[[ Data block, beginning ]]
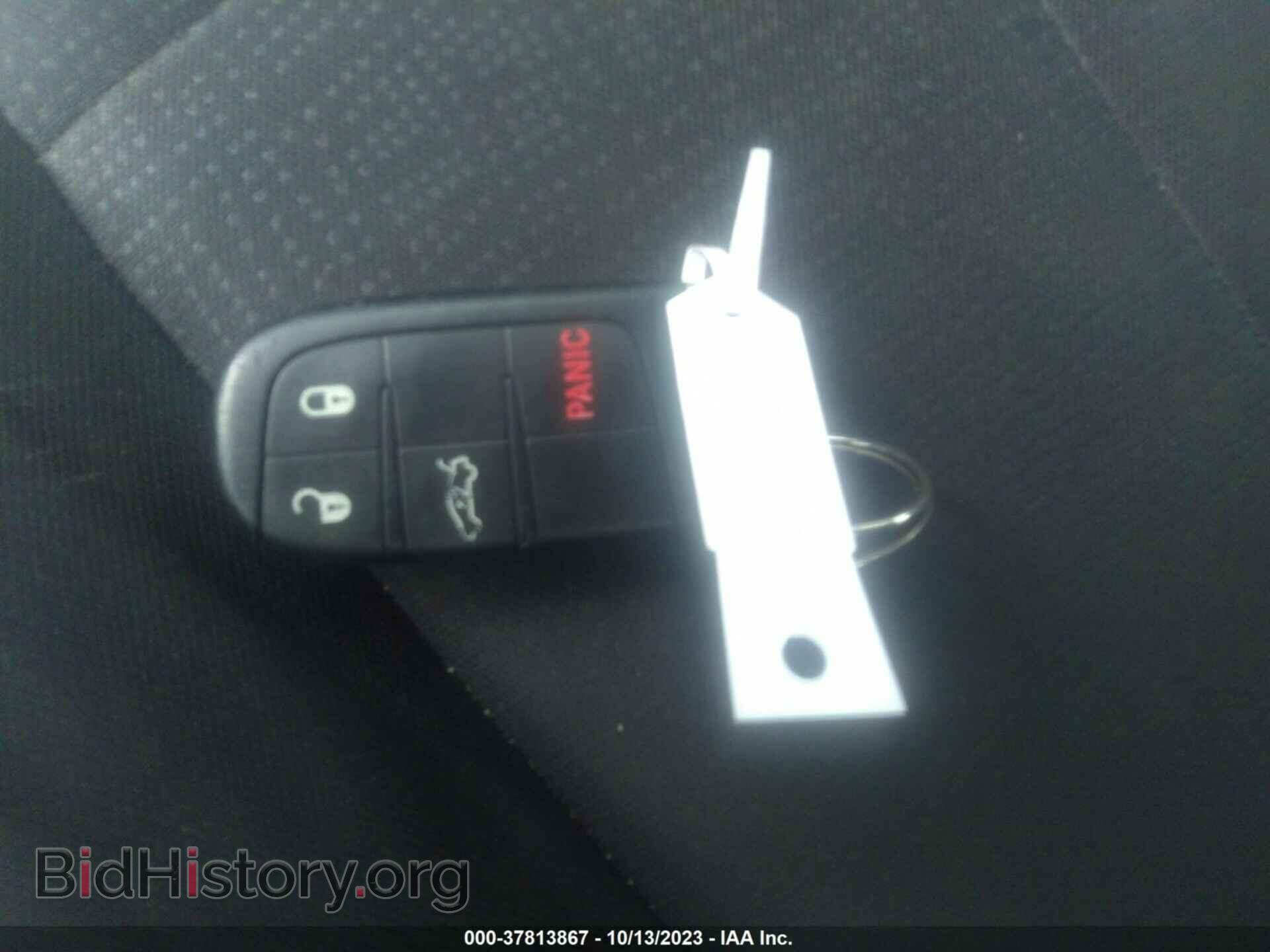 2016 CHRYSLER 200 - VIN: 1C3CCCAB1GN136936 - Фото 11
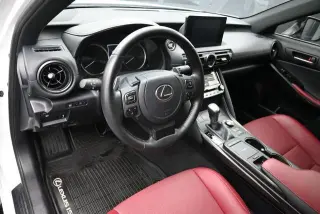 Lexus IS 350 2025 F SPORT Design 4p Sedán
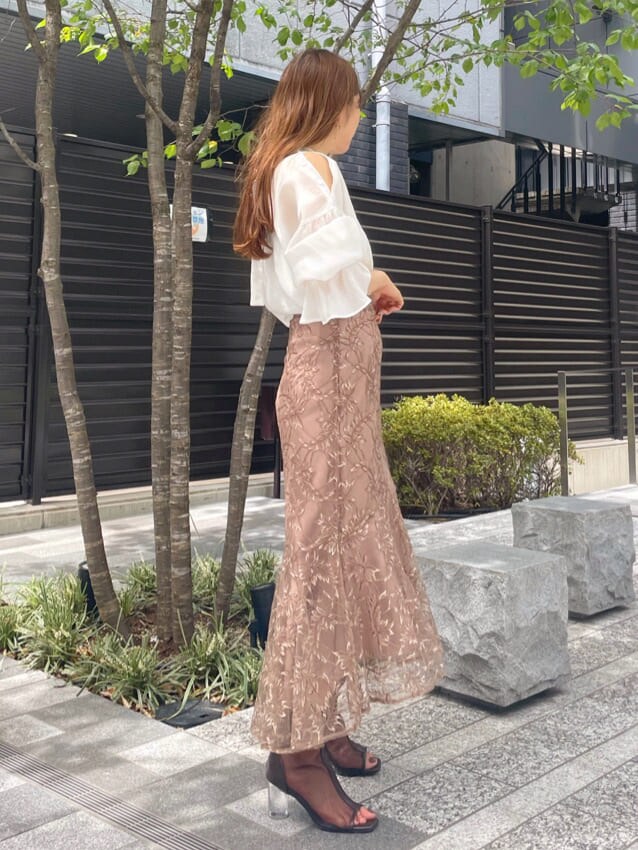 ブラウン系のスカート、ブラウン系のその他シューズ、ホワイト系のシャツ/ブラウスを着用したレディースの夏コーディネートの2枚目の写真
[[ Data block, end ]]
The task –
This exercise asks for the data above to be given again exactly, without pictures.

Response –
 2016 CHRYSLER 200 - VIN: 1C3CCCAB1GN136936 - Фото 11
 Lexus IS 350 2025 F SPORT Design 4p Sedán
 ブラウン系のスカート、ブラウン系のその他シューズ、ホワイト系のシャツ/ブラウスを着用したレディースの夏コーディネートの2枚目の写真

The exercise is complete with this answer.